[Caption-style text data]
________

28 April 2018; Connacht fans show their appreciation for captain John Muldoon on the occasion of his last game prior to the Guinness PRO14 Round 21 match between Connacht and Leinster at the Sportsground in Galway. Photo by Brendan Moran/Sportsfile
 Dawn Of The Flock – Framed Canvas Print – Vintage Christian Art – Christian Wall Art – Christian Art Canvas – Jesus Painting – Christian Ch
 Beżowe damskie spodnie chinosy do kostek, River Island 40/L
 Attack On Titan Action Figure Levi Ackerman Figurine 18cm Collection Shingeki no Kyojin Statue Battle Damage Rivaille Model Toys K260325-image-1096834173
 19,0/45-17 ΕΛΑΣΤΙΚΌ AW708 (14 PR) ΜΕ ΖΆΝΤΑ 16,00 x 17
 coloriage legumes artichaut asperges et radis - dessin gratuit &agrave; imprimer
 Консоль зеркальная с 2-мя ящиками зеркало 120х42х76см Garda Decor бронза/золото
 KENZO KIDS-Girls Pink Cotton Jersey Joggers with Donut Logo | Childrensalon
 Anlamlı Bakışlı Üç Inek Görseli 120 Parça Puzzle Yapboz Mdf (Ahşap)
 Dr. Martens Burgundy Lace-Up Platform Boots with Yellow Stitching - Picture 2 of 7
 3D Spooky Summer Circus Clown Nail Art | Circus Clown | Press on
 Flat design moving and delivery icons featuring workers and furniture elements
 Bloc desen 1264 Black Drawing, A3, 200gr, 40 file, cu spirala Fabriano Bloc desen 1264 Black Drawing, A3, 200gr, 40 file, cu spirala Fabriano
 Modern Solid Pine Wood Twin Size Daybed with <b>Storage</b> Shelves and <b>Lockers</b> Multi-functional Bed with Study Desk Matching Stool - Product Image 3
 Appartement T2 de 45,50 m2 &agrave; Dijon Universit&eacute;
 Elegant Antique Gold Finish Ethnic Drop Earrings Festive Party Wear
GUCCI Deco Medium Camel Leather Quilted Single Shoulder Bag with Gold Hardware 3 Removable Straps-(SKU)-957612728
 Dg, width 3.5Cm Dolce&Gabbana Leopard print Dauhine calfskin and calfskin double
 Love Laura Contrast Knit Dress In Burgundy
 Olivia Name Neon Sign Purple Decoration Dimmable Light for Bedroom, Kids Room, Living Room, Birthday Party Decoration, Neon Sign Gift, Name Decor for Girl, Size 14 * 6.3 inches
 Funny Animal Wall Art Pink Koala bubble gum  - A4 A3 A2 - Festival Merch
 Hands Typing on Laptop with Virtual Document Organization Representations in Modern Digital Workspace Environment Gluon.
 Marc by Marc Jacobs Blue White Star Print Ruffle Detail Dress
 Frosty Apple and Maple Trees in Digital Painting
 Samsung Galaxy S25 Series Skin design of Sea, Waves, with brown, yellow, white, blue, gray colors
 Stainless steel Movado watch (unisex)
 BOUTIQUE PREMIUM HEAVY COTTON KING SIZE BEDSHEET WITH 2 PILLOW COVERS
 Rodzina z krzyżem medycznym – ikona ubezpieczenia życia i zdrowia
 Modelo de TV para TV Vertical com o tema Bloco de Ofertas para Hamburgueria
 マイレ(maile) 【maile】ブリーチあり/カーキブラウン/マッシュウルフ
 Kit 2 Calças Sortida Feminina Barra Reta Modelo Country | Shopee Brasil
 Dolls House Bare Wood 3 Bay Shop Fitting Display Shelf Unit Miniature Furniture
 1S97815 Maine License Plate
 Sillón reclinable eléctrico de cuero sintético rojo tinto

________

Instructions to follow
Look above for the line with "Dawn Of The" and the line with "19,0/45-17 ΕΛΑΣΤΙΚΌ AW708". Write out those two lines and all the lines between them, exactly, and no others.

Answer to this task
 Dawn Of The Flock – Framed Canvas Print – Vintage Christian Art – Christian Wall Art – Christian Art Canvas – Jesus Painting – Christian Ch
 Beżowe damskie spodnie chinosy do kostek, River Island 40/L
 Attack On Titan Action Figure Levi Ackerman Figurine 18cm Collection Shingeki no Kyojin Statue Battle Damage Rivaille Model Toys K260325-image-1096834173
 19,0/45-17 ΕΛΑΣΤΙΚΌ AW708 (14 PR) ΜΕ ΖΆΝΤΑ 16,00 x 17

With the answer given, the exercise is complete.